A group of 50 to 100 protesters from the University of Texas descended on what was previously the site of a mock mass shooting in Austin, Texas, on Saturday. In a surprising twist, gun-rights activists changed the location of the theatrical shooting at the last minute to make a point about the delayed response time of emergency personnel. Sure enough, it took law enforcement at least 10 minutes to find the activists’ new location, and the protesters even longer.
By the time protesters discovered the location of the mock shooting, the demonstration was already complete, and the gun activists gone. But that didn’t stop the parade of students from descending on the site, excitedly waving multi-colored dildos in the air while chanting: “We fart in your general direction. We fart in your general direction.”
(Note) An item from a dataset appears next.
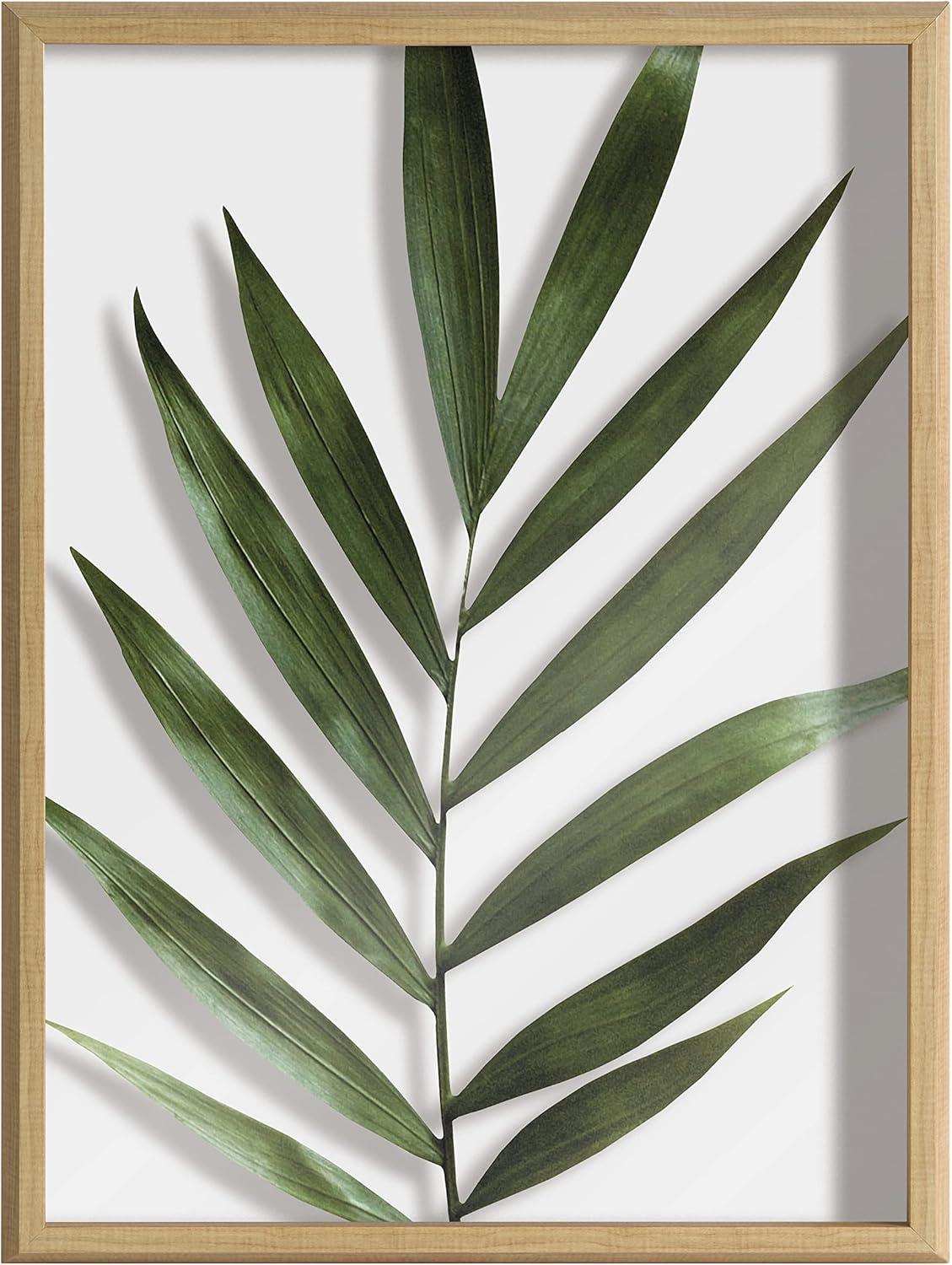 Blake Botanical 5F 18 in x 24 in Framed Painting Art Print, by Kate and Laurel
The protesters, whose average age was about 19, arrived equipped with their very own fart-box – a subwoofer attached to a bicycle that DJ’d the crowd’s protest using an array of fart sounds.
The protesters’ highly immature, yet amusing, actions were in response to an open-carry march and staged theatrical shooting hosted by two anti-gun rights groups, Don’t Comply and Come and Take It Texas, who say “gun-free” zones need to be eliminated in order to save lives in the event of more mass shootings.
A purported leader of the protest, who appeared to be in her 60s, waved a dildo while stating that, if a crazed shooter threatened to massacre those around her, she would respond with “peace,” reported Natural News’ Mike Adams. Students held a variety of nonsensical and even racist signs that read, “A gassy society is a polite society,” “Our history is not a joke,” “What farts here changes the world” and “Arm all brown people.”